Two teenage boys go to a party with exchange students. One of them is confident and smooth, the other is awkward. The awkward one narrates and manages to talk to a few girls who are all unique and interesting. Being awkward around those one fancies, especially as a teenager, is a universal thing, and when those people (girls in this case) aren’t local it can lead to interesting topics of conversation. This story encapsulates it perfectly, while also getting a fantastical spin to it. It is a wonderfully written story by Neil Gaiman, and if you have never read the short story, going in knowing less will be better. If you have liked any of his other work, you will enjoy this. Somehow in the same story he has people talking in the most realistic, awkward teenage ways when there are other characters who speak in beautiful poetic, song like fashion.

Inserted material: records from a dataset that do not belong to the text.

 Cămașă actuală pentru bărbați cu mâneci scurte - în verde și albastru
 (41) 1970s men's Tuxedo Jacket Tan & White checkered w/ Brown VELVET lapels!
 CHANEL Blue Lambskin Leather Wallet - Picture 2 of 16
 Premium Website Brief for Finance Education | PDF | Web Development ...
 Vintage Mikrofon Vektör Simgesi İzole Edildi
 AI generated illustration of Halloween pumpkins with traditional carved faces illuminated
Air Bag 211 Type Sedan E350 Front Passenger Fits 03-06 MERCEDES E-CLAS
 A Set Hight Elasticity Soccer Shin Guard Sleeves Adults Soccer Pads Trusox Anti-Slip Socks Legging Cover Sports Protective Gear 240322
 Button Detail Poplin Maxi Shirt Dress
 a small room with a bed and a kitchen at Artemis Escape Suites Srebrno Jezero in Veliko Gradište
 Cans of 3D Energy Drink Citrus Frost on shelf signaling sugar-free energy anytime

The artwork is simply gorgeous. Fabio Moon and Gabriel Ba are amazing artists and the story could be horrible and it would be worth reading just for their work. The colors are vibrant, the world is rich and real. Every character is unique and authentic, even those in the crowd scenes who never talk. You can ignore every single word on the pages and still feel the story perfectly. I actually keep losing myself to the pages of art as I write this, I have read this story three times since I first got it and have just taken in the art a half dozen more at least.

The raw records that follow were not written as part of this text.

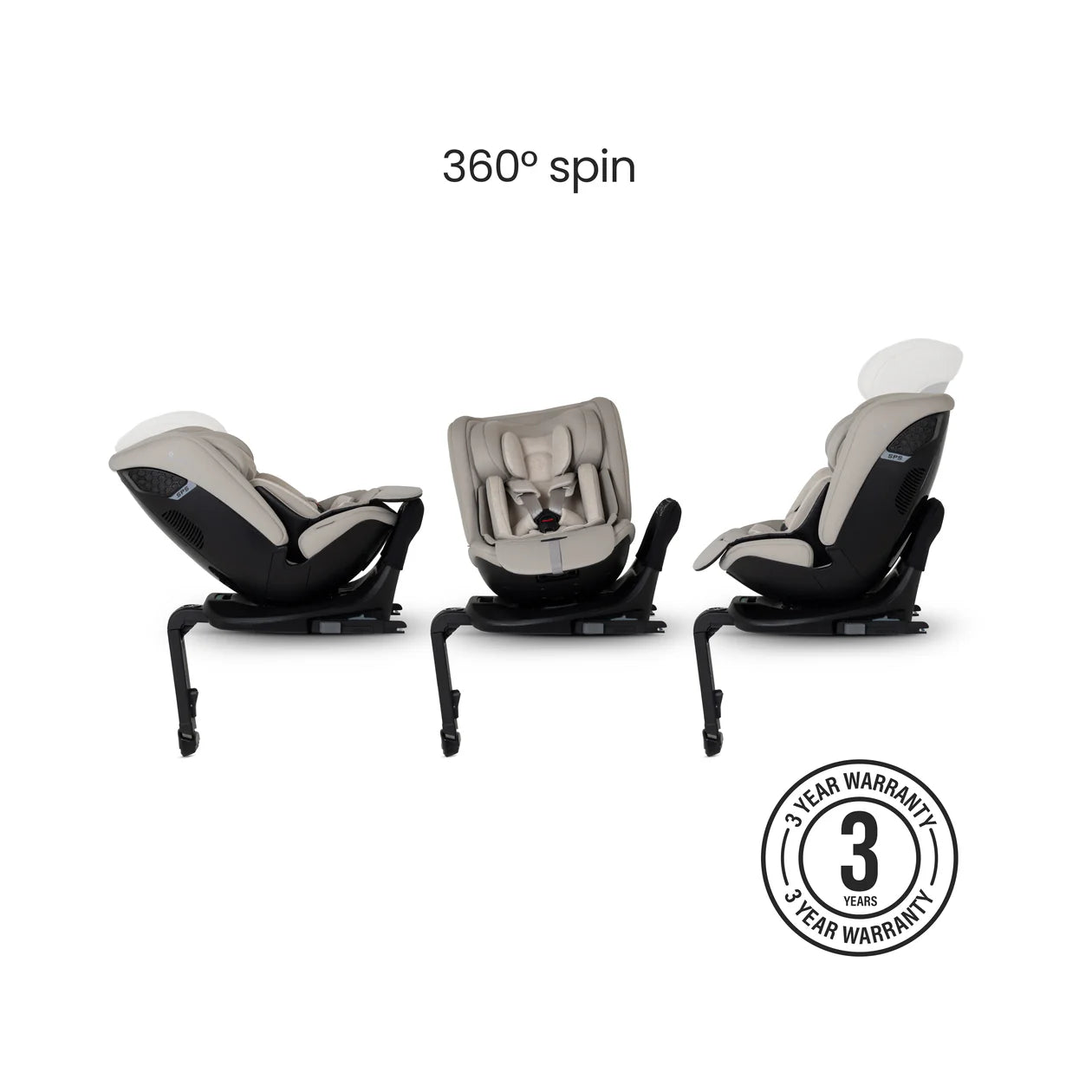 Silver Cross Motion 3 All Size 360 Rotating Car Seat Natural Taupe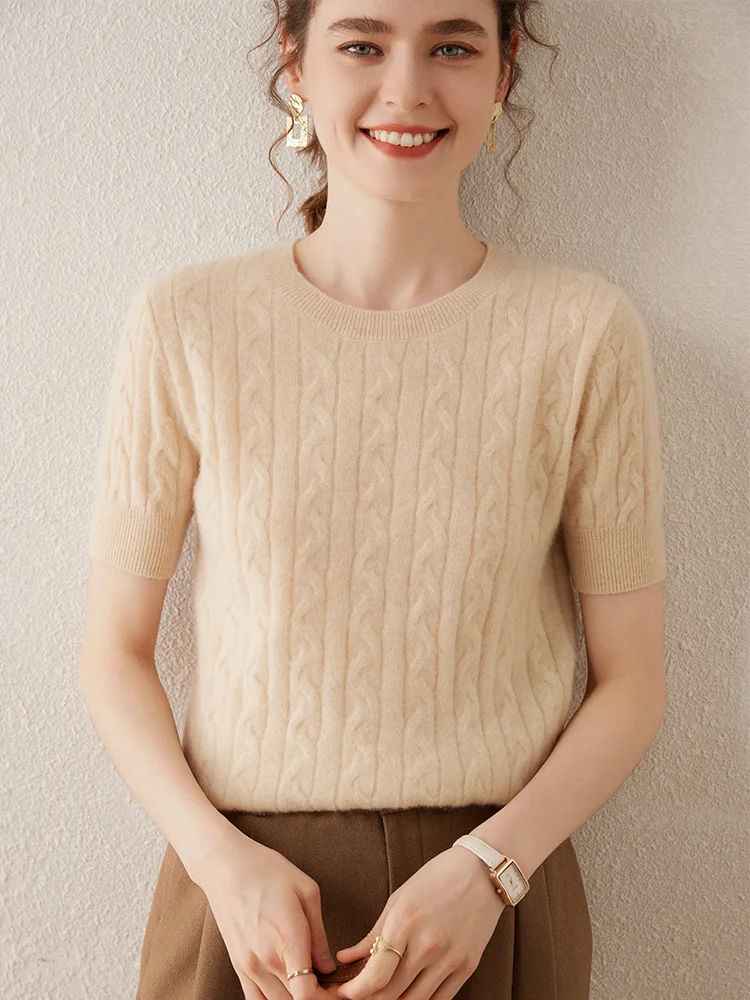High Quality 100% Cashmere Sweater Women's O-Neck Short Sleeve Pullover Spring Autumn Cashmere Knitwear T-shirt Female Clothing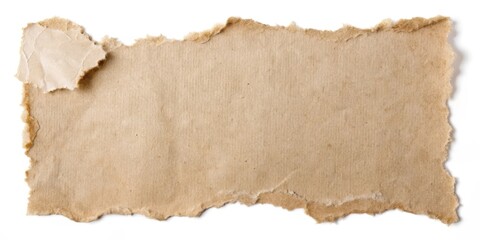 Ripped paper with a small tear at the edge near the top corner , paper damage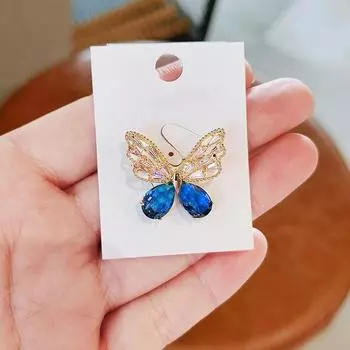 Модные ювелирные изделия, броши, булавки, прекрасный кристалл, стразы, брошь-бабочка для женщин, булавка для воротника, аксессуары для пальто, костюма, PD1865 синий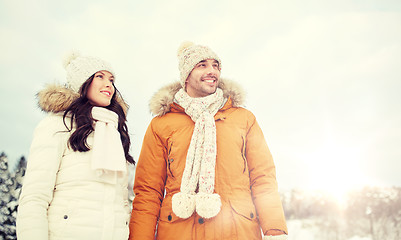 Image showing happy couple walking over winter background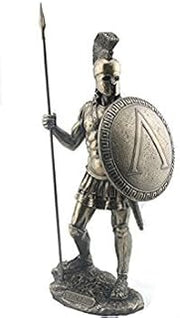 14.38 Inch Spartan Warrior with Spear and Hoplite Shield Figurine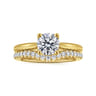 Nola - 14K Yellow Gold Round Lotus Diamond Engagement Ring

Typically when you adapt a prose piece there ends up being some clunkiness. In pursuit of keeping the integrity of the original work there can be a bit too much narration, sometimes describing what is pictured on the panel. At only one point did I feel the narration intruded on the comic; oddly enough, that intrusion is on the very first panel of the very first page, where in between two word balloons there is a narration of “Said Vic.” Otherwise there is none of what usually turns me off in an adaptation. I have even read the original short story, and reading this comic was more akin to reading the story with a fresh perspective instead of feeling like an old retread.
Let’s talk quick economics here, which is literally the only downside of this book. The comic is 64 pages, they are 64 gorgeous pages (excluding the two bio pages) but those 64 pages cost nearly twenty dollars. I know comics are expensive, they are a luxury item, it just feels a little too expensive. I assume there will be an edition later that is cheaper, buy that. Unless you are a huge Gaiman, Moon, or Ba fan, which I wouldn’t blame you for being any of those. In that case you probably already bought it.